### Exercise directions
Set the data down exactly as it stands, and keep its pictures out.

### Data segment
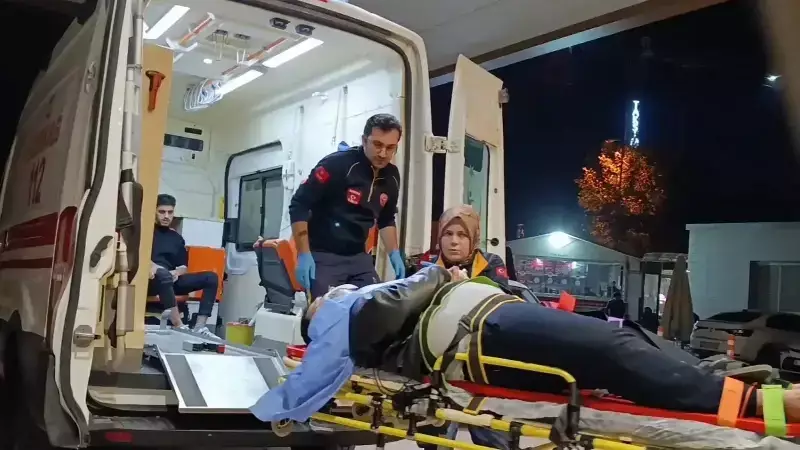 Bursa'da Feci Kaza! Kontrolden Çıkan Araç Ağaca Çarptı, 3 Kişi Yaralandı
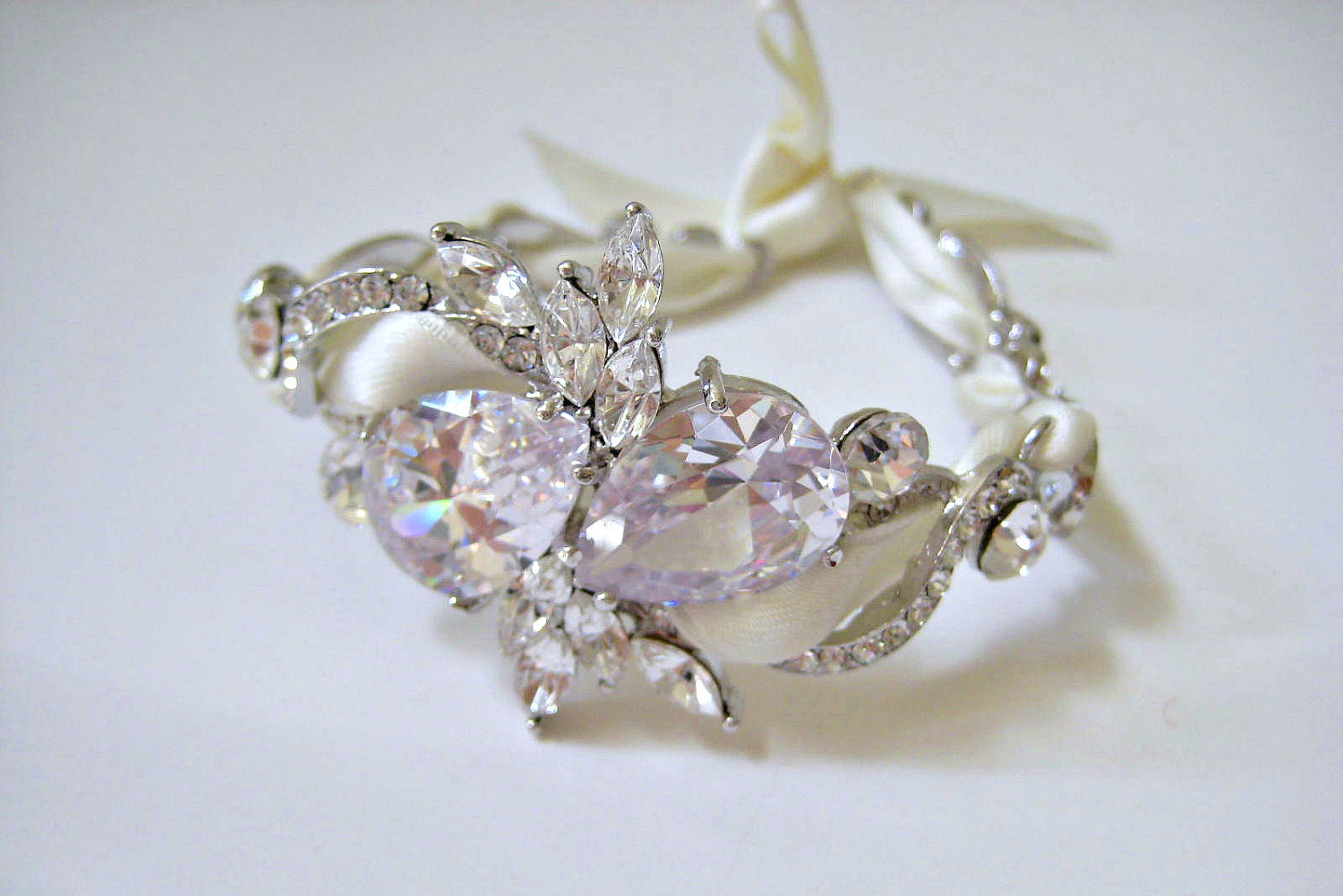 Bejeweled-bride-wedding-accessories-delicate-bracelet.original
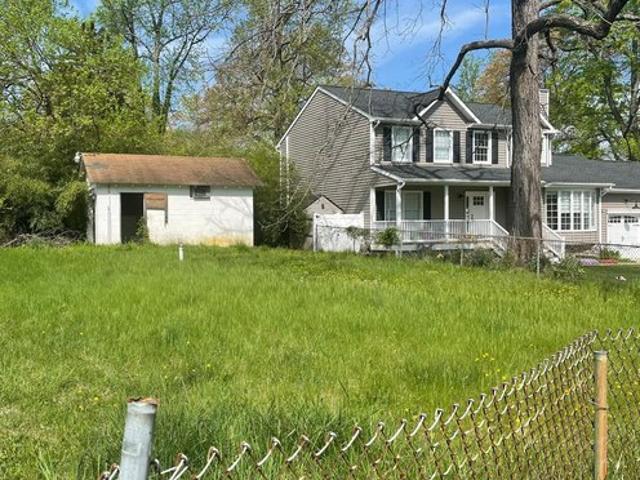 Land for sale in Davidsonville, Maryland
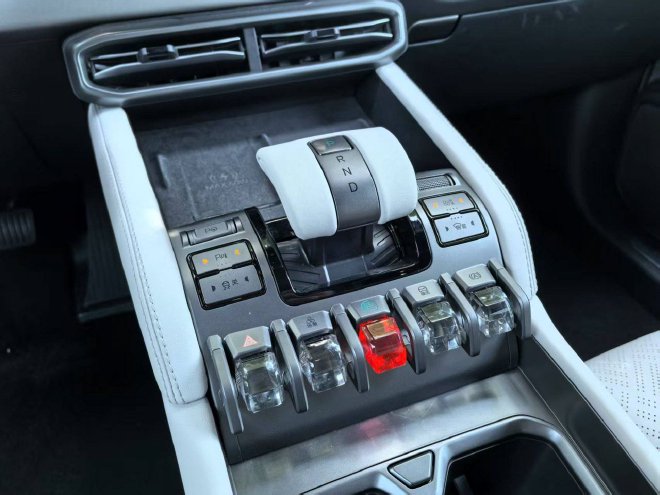 方程豹钛3开启预售 预售价13.98-20.38万元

### Solved exercise
 Bursa'da Feci Kaza! Kontrolden Çıkan Araç Ağaca Çarptı, 3 Kişi Yaralandı
 Bejeweled-bride-wedding-accessories-delicate-bracelet.original
 Land for sale in Davidsonville, Maryland
 方程豹钛3开启预售 预售价13.98-20.38万元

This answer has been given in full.